Press Association via AP Images

Forget cold—when it comes to the irreparably tarnished and rapidly imploding Murdoch media empire, revenge is best served in the form of a foam pie. Preferably delivered into the face of a frail billionaire during a globally watched hearing.

And wouldn't you know it? That's exactly what went down in a particularly exciting session of Parliament this morning (now there's a grouping of words we never thought we'd put together), when Rupert Murdoch nearly got a face full of schadenfreude all while doing everything he could to avoid jail steadfastly refusing to admit culpability in the scandal that's taken over Britain.

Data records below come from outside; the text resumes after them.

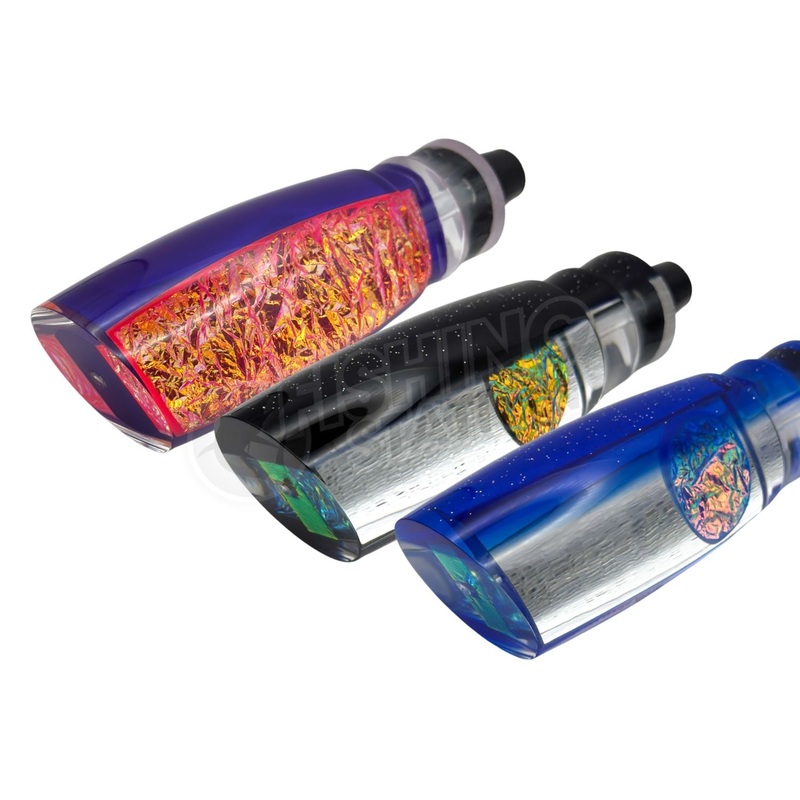 Billmark XXL Makaira Platinum Series Skirted Trolling Lure Purple Gold Foil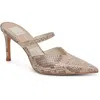 Dolce Vita Kanika Womens Snake Print Leather Pumps In Beige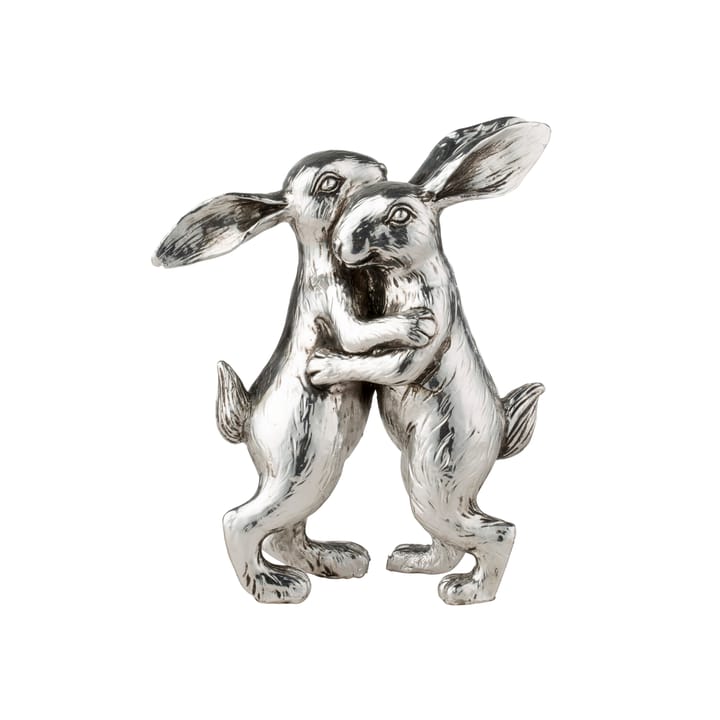 Semina dekorasjon sølvharer - 15,5 cm - Lene Bjerre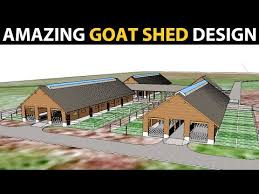 goat shed design goat farm plans
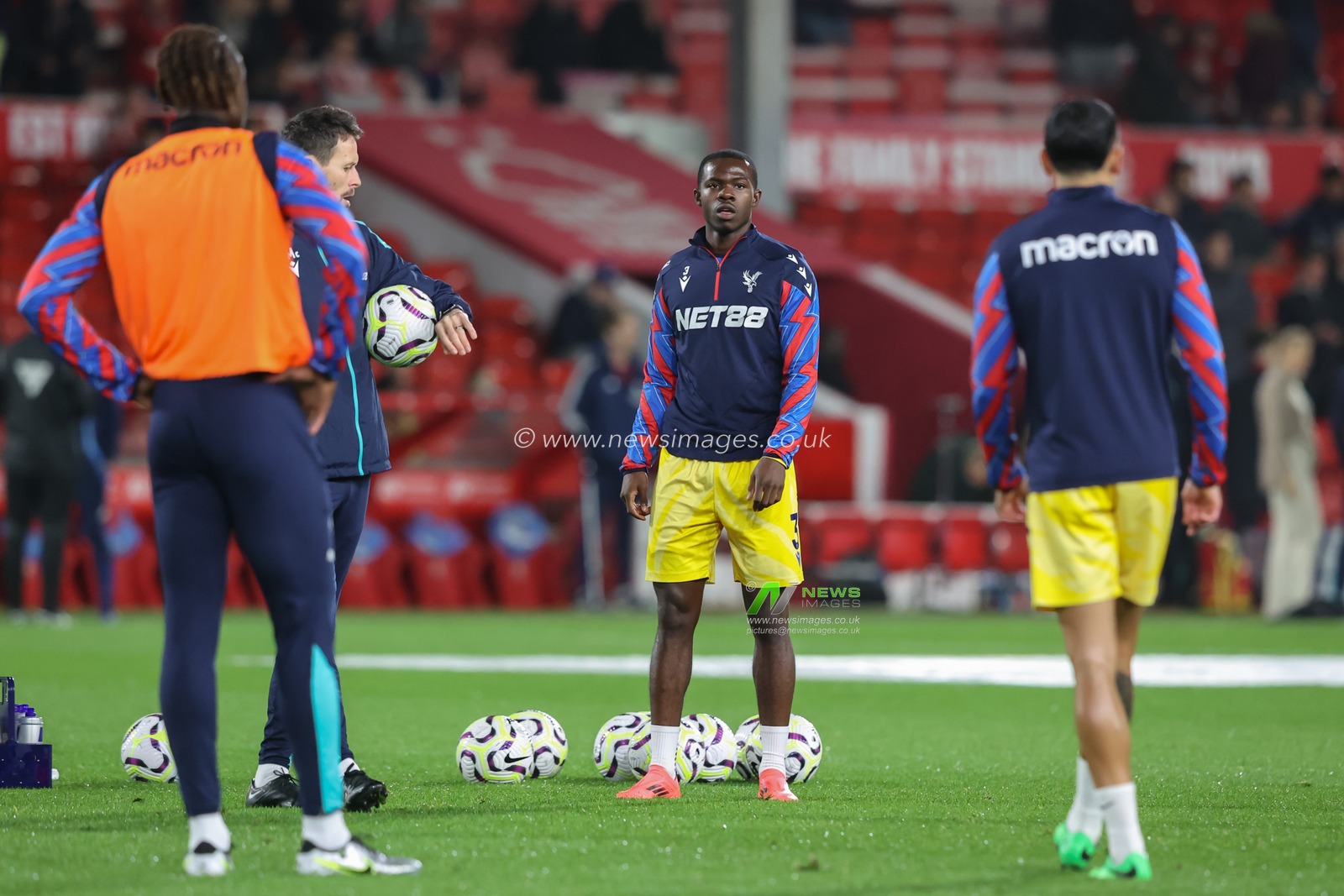 Tyrick Mitchell of Crystal Palace warms up ahead of the Premier League match Nottingham Forest vs Crystal Palace at City Ground, Nottingham, United Kingdom, 21st October 2024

That's right. It had scandal, it had intrigue, it had an attack, it even had a mention of a movie star or two. In fact, it's exactly the sort of story the News of the World might trumpet on its front page. You know…if it was still around.

Instead, it was Rupert Murdoch and his son James who faced the firing squad of MPs during a hearing of Parliament this morning, taking turns answering (or, more accurately, not answering) questions about their now-defunct tabloid's wide-ranging, illegal and quite frankly deplorable phone-hacking scandal.

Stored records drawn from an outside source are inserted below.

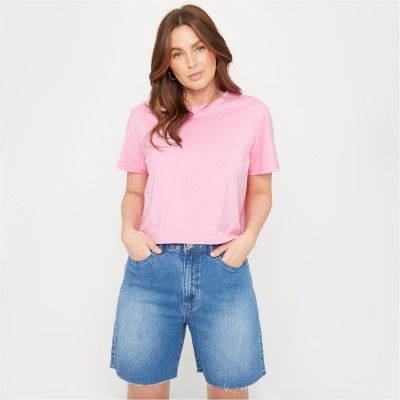 дамски,тениски,дамски,топове,be,you,you,boxy,tee,pink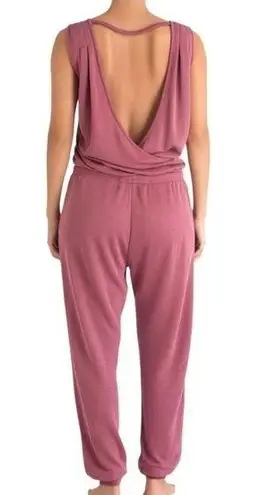 NWT Honeydew Fall Forever Lounge Jumpsuit Pink Size M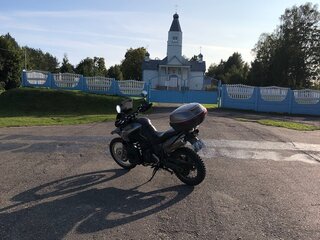 2007 Aprilia Pegaso 650 Trail, серый, 400000 рублей, вид 4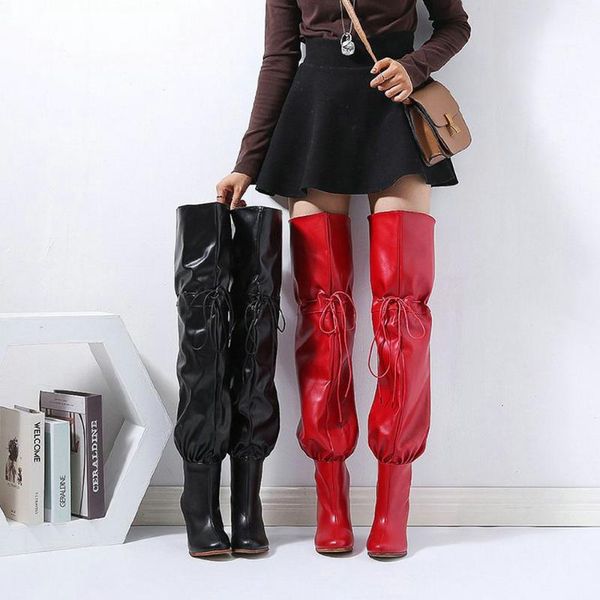 women fashion brand pointed toe knee high boots high heels shoes woman ladies autumn winter snow red boots b62-69 jy, Black
women fashion brand pointed toe knee high boots high heels shoes woman ladies autumn winter snow red boots b62-69 jy, Black
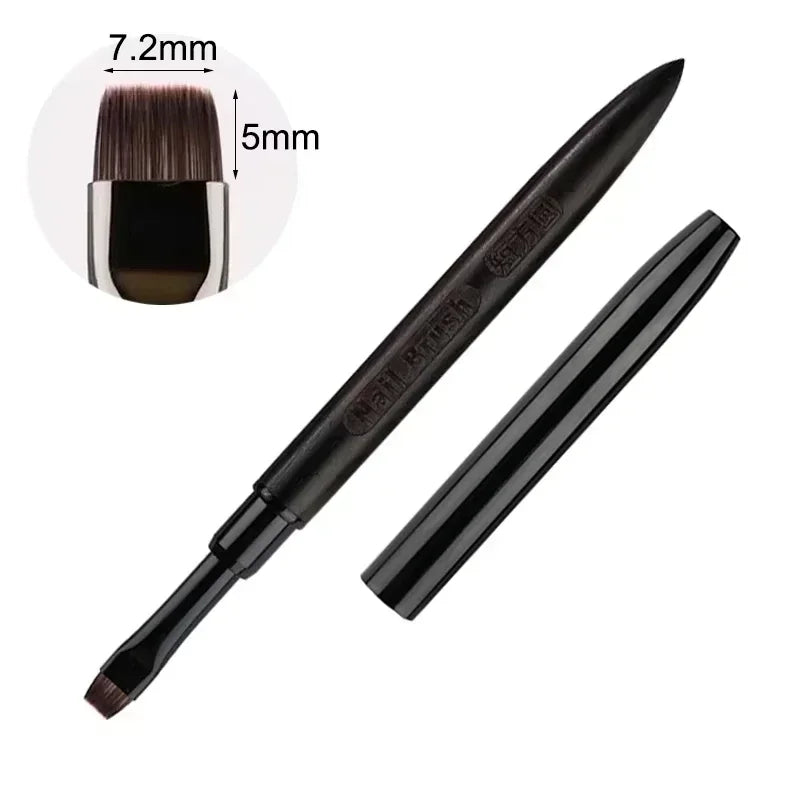 Wood Gel Painting Brush – Nail Art Brush for Gel Tip Extension, Acrylic Builder, UV Gel Nails Manicure Accessory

While the 80-year-old Rupert frequently deferred to his son to field the questions, he did pipe up to deny any responsibility for the scandal.

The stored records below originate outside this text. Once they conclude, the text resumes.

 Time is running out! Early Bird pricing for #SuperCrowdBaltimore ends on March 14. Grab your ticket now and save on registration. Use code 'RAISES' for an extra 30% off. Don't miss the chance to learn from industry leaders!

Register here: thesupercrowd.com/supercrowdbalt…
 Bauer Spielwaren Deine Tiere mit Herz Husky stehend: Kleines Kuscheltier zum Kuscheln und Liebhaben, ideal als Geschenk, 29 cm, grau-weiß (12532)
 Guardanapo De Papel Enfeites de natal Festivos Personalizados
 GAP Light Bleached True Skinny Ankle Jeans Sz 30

"No," he said, when asked if he should be held accountable. Instead, he placed blame on "the people that I trusted, but they blame maybe the people that they trusted."

Murdoch went on to note that he had extremely infrequent contact with the editor of the News of the World and tried to marginalize the tabloid in the grand scheme of his empire, saying it accounted for "less than one percent" of News Corp.

He also denied any knowledge of confidential settlements the paper had made with phone-hacking victims until a newspaper report in 2009, and said he was "shocked, appalled and ashamed" of some of the details that had been made public about the paper's criminal practices and called today "the most humble day of my life." However, he made a point of noting that he had seen no evidence (yet) that his paper had tapped into voicemails of 9/11 victims.

As for James, who began the hearing with an apology, he fielded most of the questions, including queries on how he and his father were coached heading into the session ("to tell the truth") and pressed for details on the finer points of how many people were in the know on the phone-hacking practices and subsequent cover-ups, including paying-off police.

After roughly two hours of testimony, one onlooker had had just about enough—luckily, he had come equipped to deal with just such a situation.

U.K. comedian and anarchist Jonnie Marbles is the man everyone will be talking about today, as he's the one who stepped forward from the viewing gallery and attempted to deliver the foam pie straight in the face of Rupert Murdoch. Kudos to James and Murdoch's wife, Wendi Deng, for acting fast to stop the pieing. Not so much to the rest of the room, who largely sat by, unmoving, to watch the incident unfold.

Marbles was, of course, taken into custody immediately, but had been teasing his move on Twitter all morning.

"I'm actually in this committee and can confirm: Murdoch is Mr. Burns," he tweeted. "One gets the sense that they haven't really done the required reading ahead of this presentation…It might be quicker if Baby Murdoch simply listed all of the things that he does know #hackgate."

And then came the real showing of his hand.

"It is a far better thing that I do now than I have ever done before #splat."

The hearing resumed after the incident, at which point former NOTW editor Rebekah Brooks fielded questions. It was she who admitted that the Sienna Miller hacking claims, first brought back in 2010, was the real tipping point for the paper, and the point at which she realized the extent of the tapping.

"We had been told by people at News of the World at the time—they consistently denied any of these allegations in various internal investigations," she said. "It was only when we saw the Sienna Miller documentation that we realized the severity of the situation."

Better late than never? Not this time.